Technology at ICPSR: June 2011

Monday, June 27, 2011

Watching the Intercloud drift by

I really like this new graphic from DuraCloud

The term Intercloud doesn't get used as often as the term Internet does today, but they may change in a few more years.

Just as the Internet was a "network of networks" the Intercloud is supposed to be a "cloud of clouds." But is that supposed to mean?

One possible "cloud of clouds" is what DuraSpace is doing with their DuraCloud service. ICPSR was a pilot tester of DuraCloud, and we will soon sign up as a customer for the newly available DuraCloud production service.

As the nice graphic from DuraCloud makes clear, moving a document into the DuraCloud "cloud" really places it into a collection of other "clouds" as well, making DuraCloud a "cloud of clouds." From the point of view of a customer like ICPSR, we view DuraCloud as a single location for content with a single interface, a single bill, and a single help desk. But behind the scenes DuraCloud makes use of other clouds for its storage, such as Amazon's Simple Storage Service (S3) and Rackspace.

And, it is also easy to imagine future "cloud providers" sitting behind DuraCloud where the cloud provider is itself a "cloud of clouds." For example, the folks behind Chronopolis, a "cloud of clouds" itself with storage locations at the San Diego Supercomputer Center, the National Center for Atmospheric Research, and the University of Maryland's Institute for Advanced Computer Studies, have announced their intention to be one of the storage providers behind DuraCloud. And so by putting our content into DuraCloud, we may one day also be putting it into Chronopolis, which in turn means putting a copy into the storage clouds at SDSC, NCAR, and UMIACS.

Friday, June 24, 2011

TRAC: B5.2: Descriptive metadata and the AIP

B5.2 Repository captures or creates minimum descriptive metadata and ensures that it is associated with the archived object (i.e., AIP).

The repository has to show how it gets its required metadata. Does it require the producers to provide it (refusing a deposit that lacks it) or does it supply some metadata itself during ingest?

Associating the metadata with the object is important, though it does not require a one-to-one correspondence, and metadata need not necessarily be stored with the AIP. Hierarchical schemes of description allow some descriptive elements to be associated with many items. The association should be unbreakable—it must never be lost even if other associations are created.

Evidence: Descriptive metadata; persistent identifier/locator associated with AIP; system documentation and technical architecture; depositor agreements; metadata policy documentation, incorporating details of metadata requirements and a statement describing where responsibility for its procurement falls; process workflow documentation.

ICPSR requires very little metadata from producers. We do need the essentials: What does this two digit number in columns 44 and 45 mean? But we do not require producers to provide other types of metadata that might be useful for building finding aids. The production and review of metadata is a primary output of our workflow.

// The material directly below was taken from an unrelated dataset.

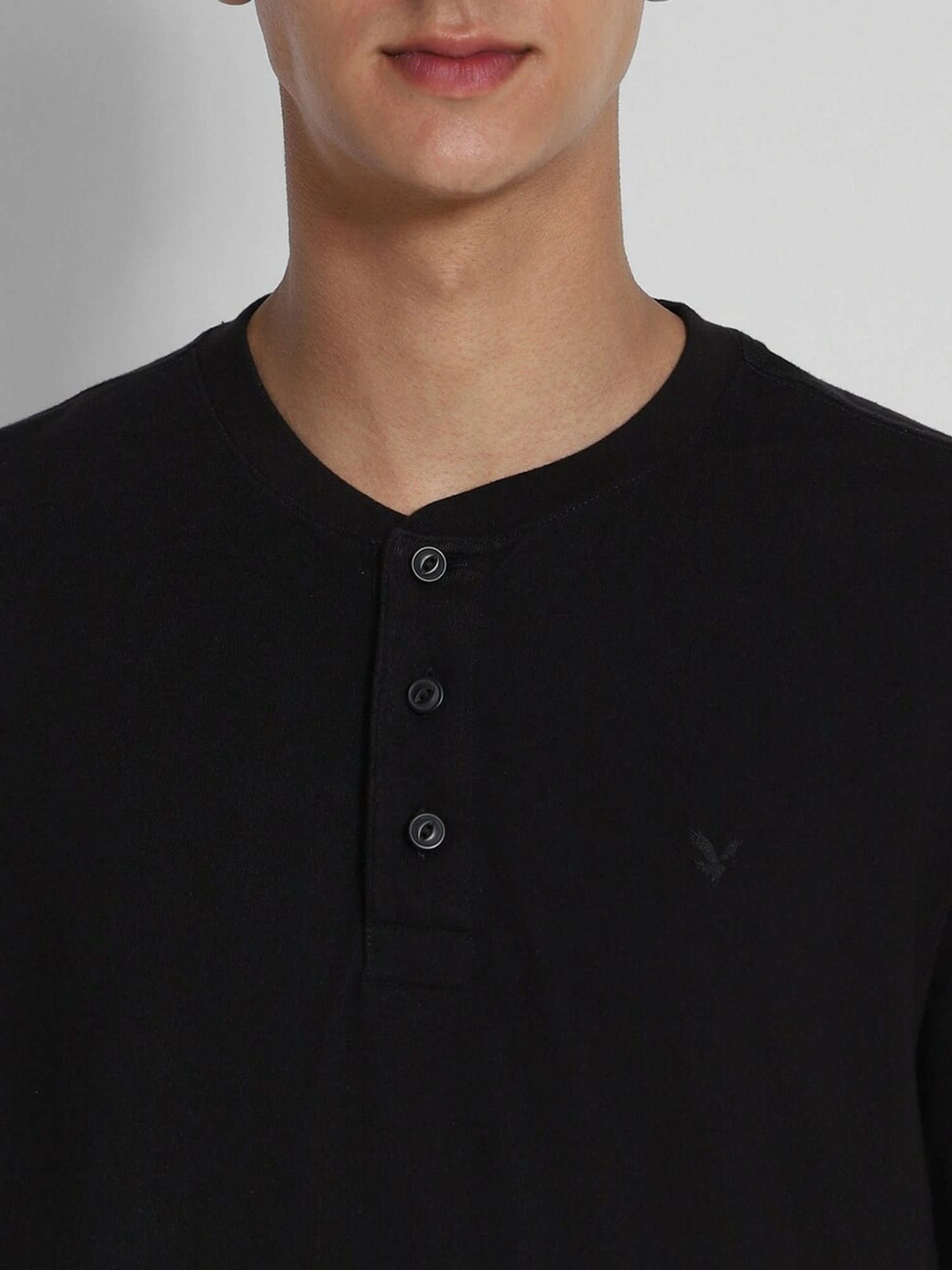 American Eagle Black Cotton Regular Fit Henley T-Shirt
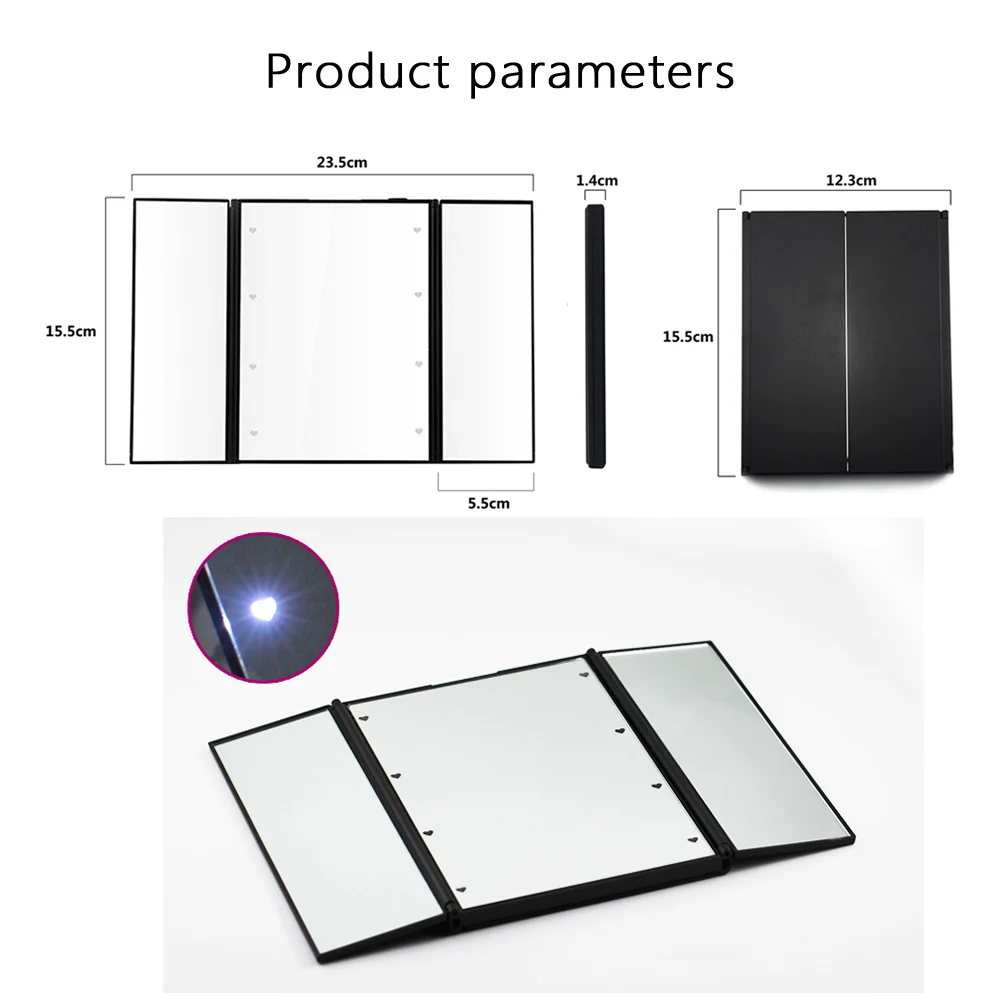 Портативное зеркало для макияжа светодиодный подсветкой переносная сумка складное тройное зеркало с подставкой с двумя батареями CR2032 косметическое зеркало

Metadata tends to reside in two different places. Some of it is co-located with the data it documents, and people would find it in the codebook or in a DDI XML description of the study or dataset. In other cases the metadata resides in a different location, a relational database (to support dissemination) or in DDI XML files (to support archival storage).

ICPSR has many (maybe even all of) the items listed in the evidence section above. We have depositor agreements. We have (lots of) process workflow documentation. We have descriptive metadata.

Friday, June 17, 2011

TRAC: B5.1: Metadata for discovery and identification

B5.1 Repository articulates minimum metadata requirements to enable the designated community(ies) to discover and identify material of interest.

Retrieval metadata is distinct from metadata that describes what has been found. For example, in a library we might say that a book’s title is mandatory, but its publisher is not, because people generally search on the title.

A repository does not necessarily have to satisfy every possible request, but must be able to deal with the types of request that will come from a typical user from the designated community(ies). The minimum requirements must be articulated. The minimum may be nothing more than an identifier the designated community(ies) would know and use to request a deposited object.

Evidence: Descriptive metadata.

Have we got descriptive metadata? Oh, yeah!

One of the main work processes at ICPSR is creating and editing descriptive metadata. In addition to keeping archival snapshots in DDI format, we also expose it via the home page for a study, the facets that appear in the search engine, and in the technical documentation we make available for download.

Friday, June 10, 2011

TRAC: B4.5: Archival storage records

B4.5 Repository has contemporaneous records of actions and administration processes that are relevant to preservation (Archival Storage).

These records must be created on or about the time of the actions they refer to and are related to actions associated with archival storage. The records may be automated or may be written by individuals, depending on the nature of the actions described. Where community or international standards are used, such as PREMIS (2005), the repository must demonstrate that all relevant actions are carried through.

Evidence: Written documentation of decisions and/or action taken; preservation metadata logged, stored, and linked to pertinent digital objects.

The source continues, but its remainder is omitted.